Lebih jauh menurut Dr. Kidd, kita bisa melihat konsistensi seorang misantropis dari jabaran penulis seperti Jonathan swift yang pernah berkata “Aku benci geliat massa umat manusia, namun aku punya ketertarikan yang besar terhadap Tom, Dick, dan Harry”.
Alasan mengapa secara instruktif Swift berkata demikian adalah karena ia masih mampu bersimpati kepada orang lain karena keburukan massa tidak serta merta menginfeksi orang-orang yang ia cintai itu, dan terdapat kontras yang relatif berbeda didalam beberapa orang tersebut dibandingkan geliat massa.
Tidak bisa kita pungkiri bahwa kebanyakan band dengan tema-tema se-ekstrim misanthropic black metal dan depressive suicidal black metal modern sudah tidak lagi mengangkat tema ini dan menggalinya secara akademis dan artistik dengan ragam sudut pandang dan hanya mampu mengolah tema-tema se rumit itu menjadi sebatas produk untuk dijual saja.
Banyak band yang tidak punya corak baru sehingga para audience sulit membedakan karakteristik band satu dengan band-band lain yang sudah ada. Ini karena tema-tema segelap itu memang punya ragam eksplorasi yang sangat luas dan diperlukan evaluasi yang lebih dalam, perdebatannya harus terus berlangsung.
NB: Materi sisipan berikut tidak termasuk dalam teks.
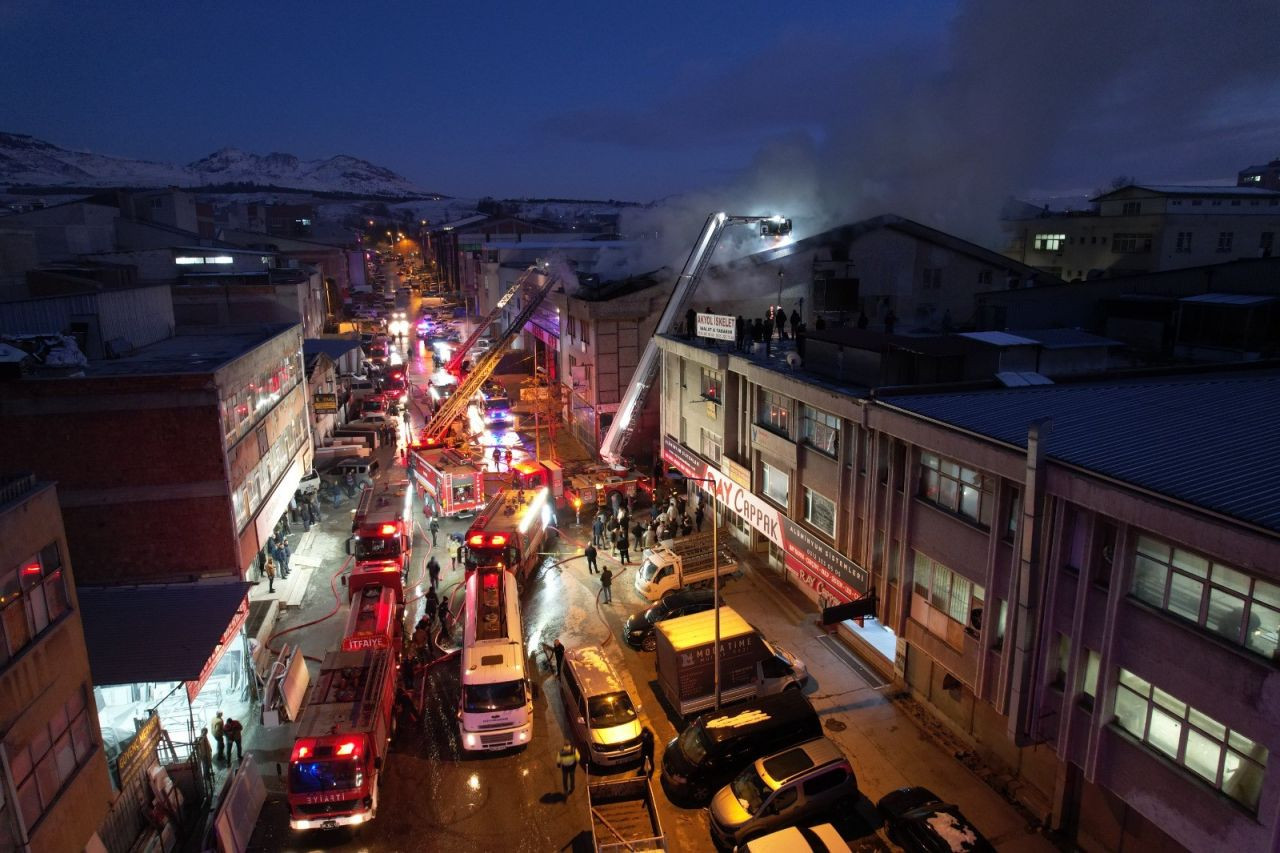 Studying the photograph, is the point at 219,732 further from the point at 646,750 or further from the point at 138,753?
the point at 646,750

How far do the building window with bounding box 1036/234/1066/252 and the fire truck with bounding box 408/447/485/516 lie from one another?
43.4m

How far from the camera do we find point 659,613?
893 inches

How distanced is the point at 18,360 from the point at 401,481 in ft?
42.7

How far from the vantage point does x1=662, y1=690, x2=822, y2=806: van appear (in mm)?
16141

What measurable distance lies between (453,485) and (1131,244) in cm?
4360

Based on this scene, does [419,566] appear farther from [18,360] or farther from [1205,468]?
[1205,468]

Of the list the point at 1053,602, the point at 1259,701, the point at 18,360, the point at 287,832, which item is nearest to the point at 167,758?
the point at 287,832

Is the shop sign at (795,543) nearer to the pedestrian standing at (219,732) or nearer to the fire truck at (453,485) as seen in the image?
the fire truck at (453,485)

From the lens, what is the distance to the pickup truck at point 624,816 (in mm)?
13484

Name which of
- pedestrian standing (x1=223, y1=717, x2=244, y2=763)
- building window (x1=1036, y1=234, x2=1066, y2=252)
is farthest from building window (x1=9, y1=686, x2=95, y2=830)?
building window (x1=1036, y1=234, x2=1066, y2=252)

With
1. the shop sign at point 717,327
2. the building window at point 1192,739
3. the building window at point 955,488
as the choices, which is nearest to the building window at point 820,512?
the building window at point 955,488

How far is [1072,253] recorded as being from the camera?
51500 millimetres

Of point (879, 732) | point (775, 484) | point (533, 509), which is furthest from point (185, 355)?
point (879, 732)

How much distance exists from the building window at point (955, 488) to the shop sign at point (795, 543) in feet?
10.0
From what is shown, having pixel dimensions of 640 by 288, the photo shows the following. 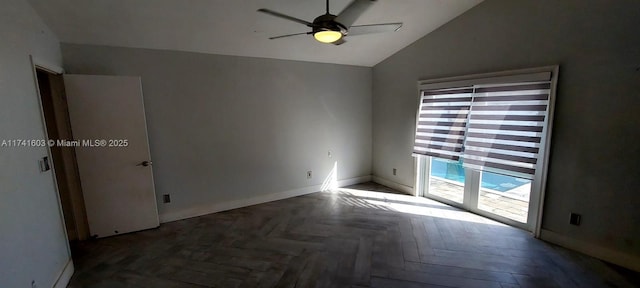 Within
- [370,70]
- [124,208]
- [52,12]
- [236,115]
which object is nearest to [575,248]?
[370,70]

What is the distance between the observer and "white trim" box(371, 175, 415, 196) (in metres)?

Suatu tindakan seperti bunuh diri merupakan tindakan final yang serius, apalagi ketika seseorang punya pandangan bahwa kematian yang disengaja adalah hal yang baik, potensi paling ekstrim dari kedangkalan akan pandangan tersebut bukanlah hal yang sepele.
Saya mungkin akan mengakhiri artikel ini dengan kutipan yang muncul dikepala saat menulis: “Hari ketika seseorang tidak lagi peduli dengan apa yang dipikirkan orang lain, adalah hari dimana ia merenggut hidupnya sendiri”.